In the first session of the 106th Congress, the majority passed one
large measure, which included a variety of tax cuts totaling $792 billion.
Excluding certain individual tax cuts which passed this year as well as
last year (such as elimination of the estate tax and the marriage penalty),
the cost of tax cuts passed last year amounts to $737 billion, and the
additional debt service amounts to $148 billion for a total of $885
billion.
The bill-by-bill approach to tax cuts in the absence of an overall
framework masks the full impact and risks of the cumulative costs. In the
absence of more specific indications about the content and number of future
tax cuts the Congressional majority has stated it plans to produce, we have
used the total costs associated with tax cuts from the 106th Congress as an
illustration of Republican plans. If their plans remain consistent with
past activities, the full cost of this program would be:
? tax cuts of $1.447 trillion dollars
? additional debt service of $349 billion
? for a total of $1.796 trillion dollars.

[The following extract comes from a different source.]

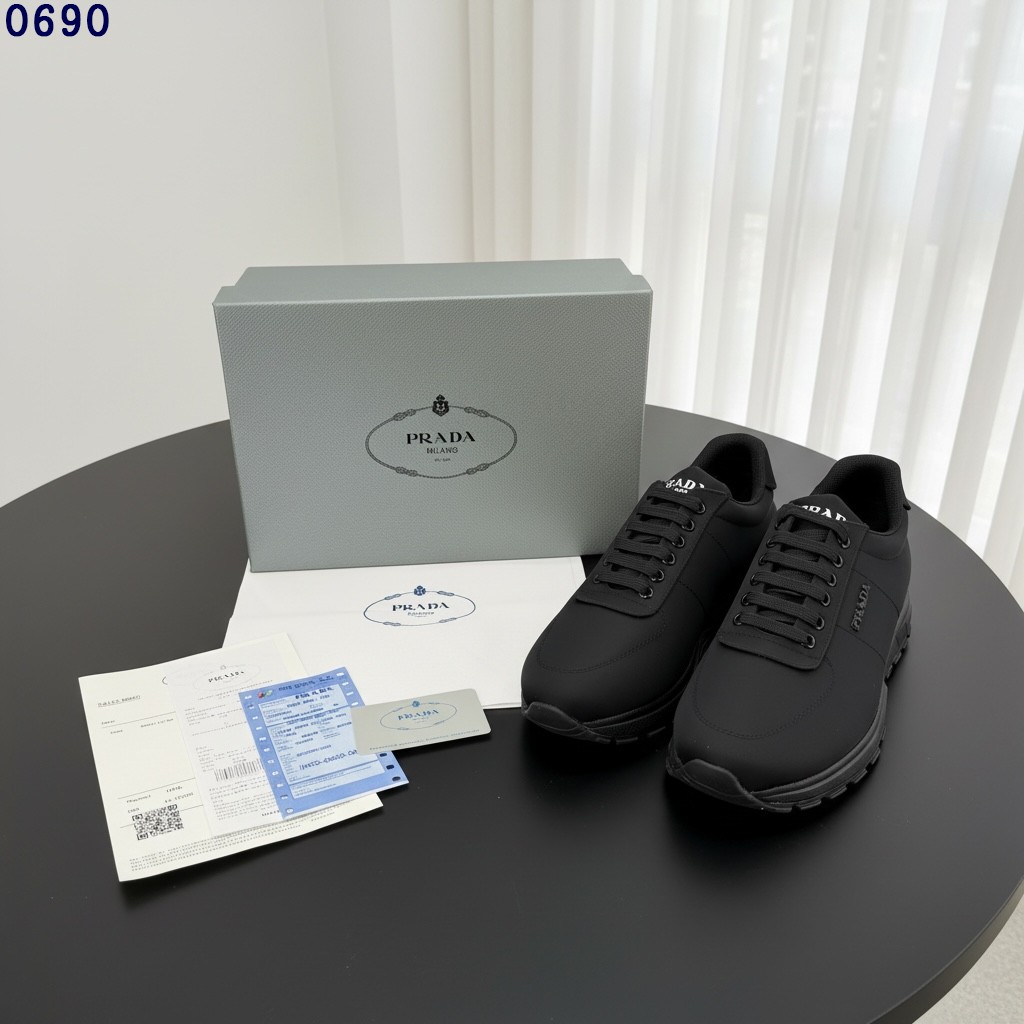 👹프라다 클래식 이니셜로고 패브릭 스니커즈👹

The effect of such tax cuts would be to completely eliminate the
projected non-Social Security/Medicare budget surplus at the end of ten
years. Even by the more optimistic projections the entire surplus would be
drained. The most recent CBO projections issued earlier this week estimate
a ten-year non-Social Security/Medicare surplus of $1.8 trillion. OMB?s
recent projections estimate a ten-year non-Social Security/Medicare surplus
of $1.5 trillion. In either case, because the costs of the tax cuts match
or exceed the projected budget surplus, there would be no funds available
for any of the nation?s other pressing needs, including our proposals to
establish a new voluntary Medicare prescription drug benefit, pay an
additional $150 billion in debt reduction to pay down the debt by 2012,
expand health coverage to more families, provide targeted tax cuts that
help America?s working families with the costs of college education,
long-term care, child care and other needs, or extend the life of Social
Security and Medicare.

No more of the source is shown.